Interrogé par la commission d’évaluation des politiques publiques de l’Assemblée nationale le 3 juin, le ministre de l’éducation nationale a surtout répondu à des questions sur son budget. Mais il s’est laissé aller à des annonces. La plus importante est une réforme du diplôme du brevet pour 2021. Le ministre a aussi promis que l’Observatoire de la rémunération des professeurs verrait le jour « avant la fin de cette année ».
Une énième réforme du brevet
Durant deux heures, le 3 juin, JM Blanquer a répondu aux questions des députés de la commission d’évaluation des politiques publiques sur l’exécution du budget 2018. Répondant à une question du socialiste Régis Juanico, JM Blanquer a confirmé son intention, dans la perspective du SNU, de « favoriser l’engagement des élèves pour des causes altruistes » au collège. Si la Dgesco a écarté le projet de « livret citoyen » lancé en 2016 c’est perce qu’il est jugé « un peu lourd ». Mais le ministre annonce que cette question « sera discutée pour l’évolution du brevet pour juin 2021 qui prendra en compte les enjeux civiques ».

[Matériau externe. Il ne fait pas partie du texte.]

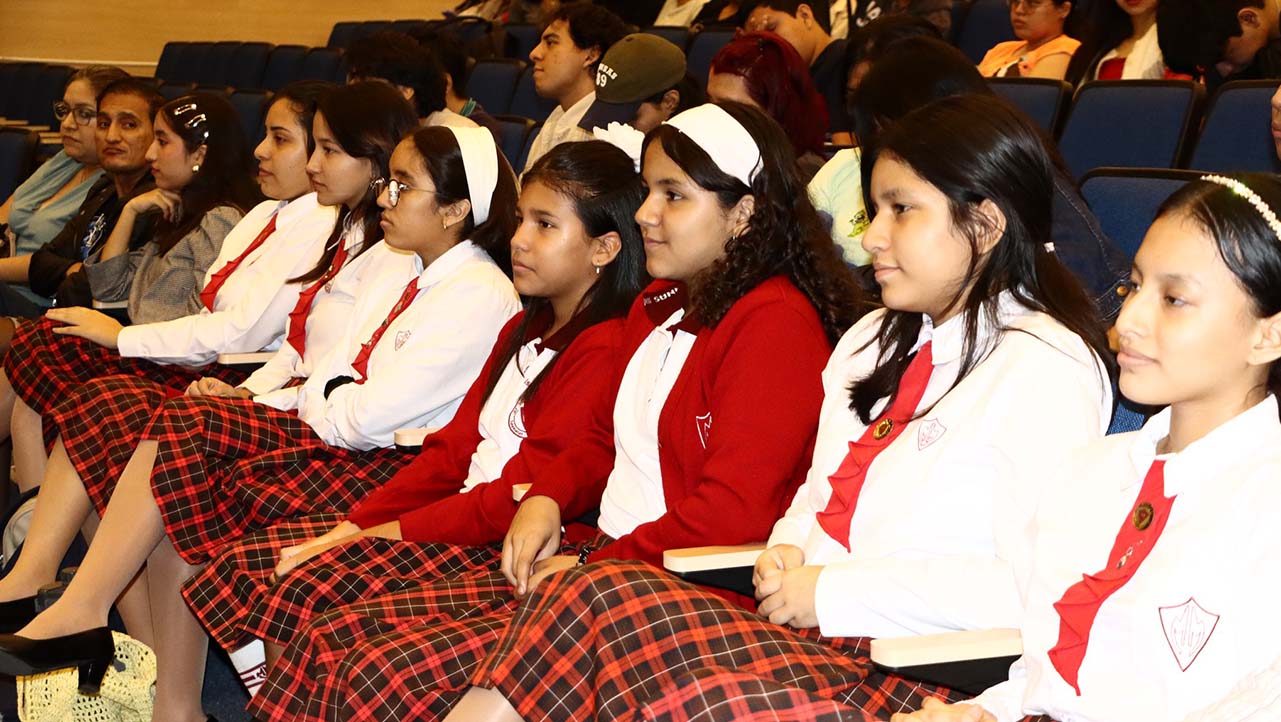 Unidades educativas presentes en el Showroom de Inteligencia Artificial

Ainsi une énième réforme du brevet (la 3ème en 4 ans ?) est annoncée pour la même année que la réforme du bac.
L’échec de la réforme de 2017
Cette annonce intervient juste après la publication par la Depp (division des études du ministère) des résultats définitifs du brevet 2018. La Depp signale une baisse du taux de réussite pour la première fois depuis plus de 10 ans. Alors que le brevet devrait confirmer la maitrise du socle commun on voit son taux de réussite baisser de 2% juste après la réforme apportée par JM Blanquer en 2017.

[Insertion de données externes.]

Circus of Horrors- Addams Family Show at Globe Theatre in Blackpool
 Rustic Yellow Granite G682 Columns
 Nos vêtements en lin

On peut ajouter un second échec. Le diplôme du brevet est inégalitaire. Il y a un fort écart de taux de réussite important entre le brevet général et le professionnel. Surtout « 97 % des enfants issus d’un milieu très favorisé réussissent leur examen contre 79 % des enfants issus d’un milieu défavorisé, soit près de 20 points d’écart », affirme la Depp.
Troisième problème : on ne sait pas exactement ce qui est évalué vraiment au brevet. Le ministre n’a pas su trancher entre la formule de l’examen final national et celle de la validation du socle commun. Résultat il a additionné les deux en renforçant, c’était le but de sa réforme de 2017, la poids de l’examen final.
Un examen qui se borne à écraser les faibles
Dans la formule actuelle qui réunit deux modes d’évaluation totalement différents, on assiste à des incongruités : si les candidats recalés à l’examen final se voient aussi refuser l’évaluation du socle, il n’empêche qu’il y a un écart très important entre l’évaluation de l’examen final et celle du socle. Autrement dit, à l’issue du brevet personne ne peut dire vraiment quel est le niveau des candidats !
L’examen final n’a un impact réel que sur les élèves faibles lors de l’évaluation du socle. Pour ces élèves, peut-être les seuls pour qui le brevet serait peut-être le dernier diplôme, l’examen final est un couperet qui ne leur lance aucune chance. Pour les autres c’est une simple formalité. Ajoutons que cet examen qui pèse sur les élèves ne décide pas de leur orientation et délivre un diplôme qui n’est pas reconnu hors de l’école.
Petit ou grand chantier ?
Pour ces raisons, réformer le brevet semble incontournable. JM Blanquer tire au moins les conséquences de la réforme ratée de 2017. Mais il ouvre un chantier dont on ne sait pas encore s’il sera petit ou grand.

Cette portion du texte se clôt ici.